Problem: Everything from the line that contains "Assorted fruits, isolated" to the final line of the data, both ends included, must be set down exactly, apart from the pictures.

Study material:
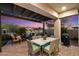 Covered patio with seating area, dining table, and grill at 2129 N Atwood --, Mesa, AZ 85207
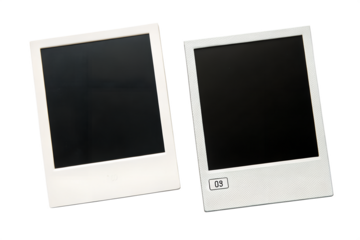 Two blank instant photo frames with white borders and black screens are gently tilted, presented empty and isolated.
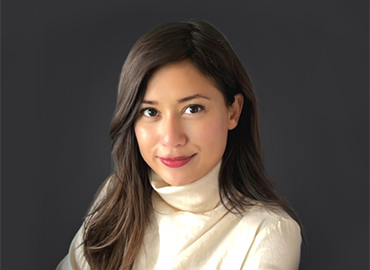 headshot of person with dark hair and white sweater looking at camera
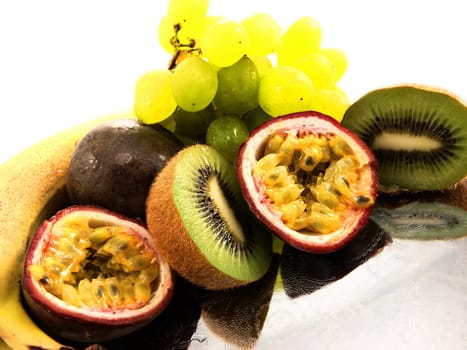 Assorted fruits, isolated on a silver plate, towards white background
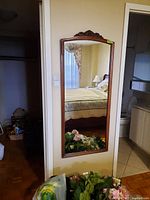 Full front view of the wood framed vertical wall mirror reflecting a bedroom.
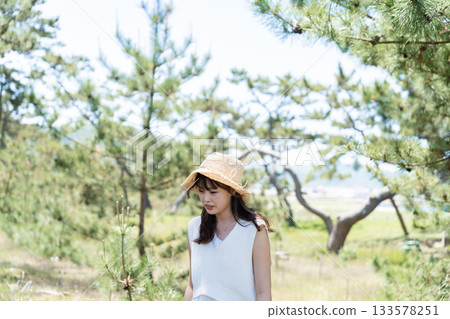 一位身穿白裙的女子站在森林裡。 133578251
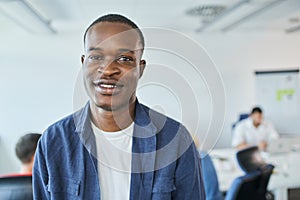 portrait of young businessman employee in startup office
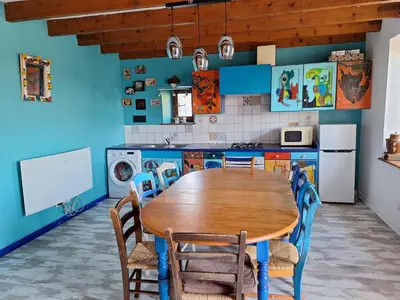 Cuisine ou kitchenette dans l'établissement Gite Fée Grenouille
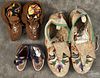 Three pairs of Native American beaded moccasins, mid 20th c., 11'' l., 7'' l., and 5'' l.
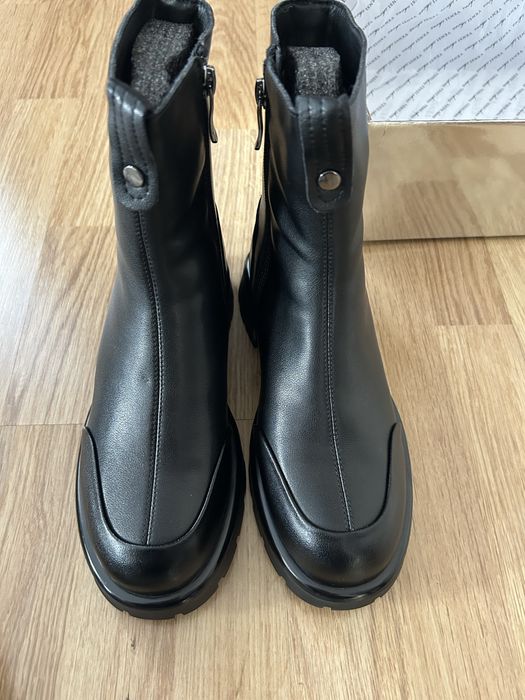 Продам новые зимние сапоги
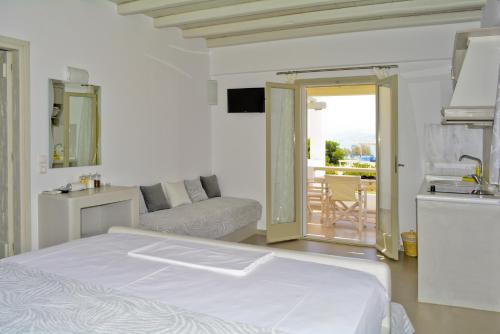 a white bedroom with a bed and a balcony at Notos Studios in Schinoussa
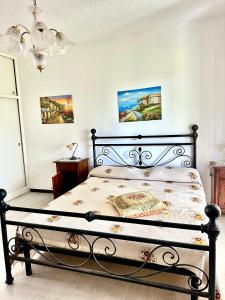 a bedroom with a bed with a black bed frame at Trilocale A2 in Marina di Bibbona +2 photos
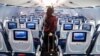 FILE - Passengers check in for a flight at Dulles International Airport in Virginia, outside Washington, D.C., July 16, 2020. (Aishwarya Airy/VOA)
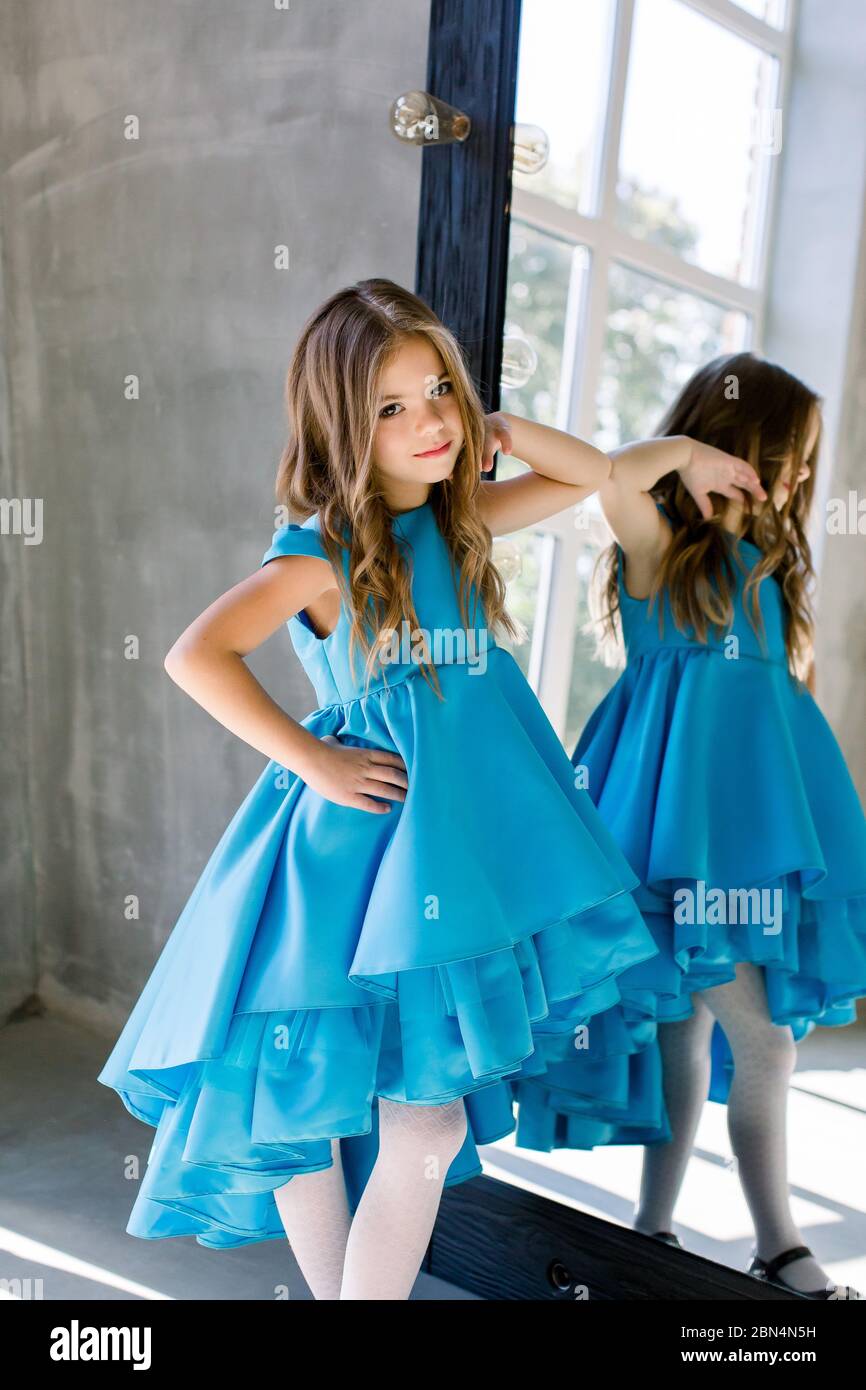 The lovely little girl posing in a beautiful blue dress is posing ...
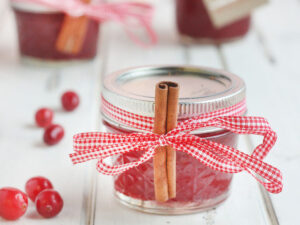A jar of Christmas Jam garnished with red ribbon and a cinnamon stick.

Exercise result:
 Assorted fruits, isolated on a silver plate, towards white background
 Full front view of the wood framed vertical wall mirror reflecting a bedroom.
 一位身穿白裙的女子站在森林裡。 133578251
 portrait of young businessman employee in startup office
 Cuisine ou kitchenette dans l'établissement Gite Fée Grenouille
 Three pairs of Native American beaded moccasins, mid 20th c., 11'' l., 7'' l., and 5'' l.
 Продам новые зимние сапоги
 a white bedroom with a bed and a balcony at Notos Studios in Schinoussa
 a bedroom with a bed with a black bed frame at Trilocale A2 in Marina di Bibbona +2 photos
 FILE - Passengers check in for a flight at Dulles International Airport in Virginia, outside Washington, D.C., July 16, 2020. (Aishwarya Airy/VOA)
 The lovely little girl posing in a beautiful blue dress is posing ...
A jar of Christmas Jam garnished with red ribbon and a cinnamon stick.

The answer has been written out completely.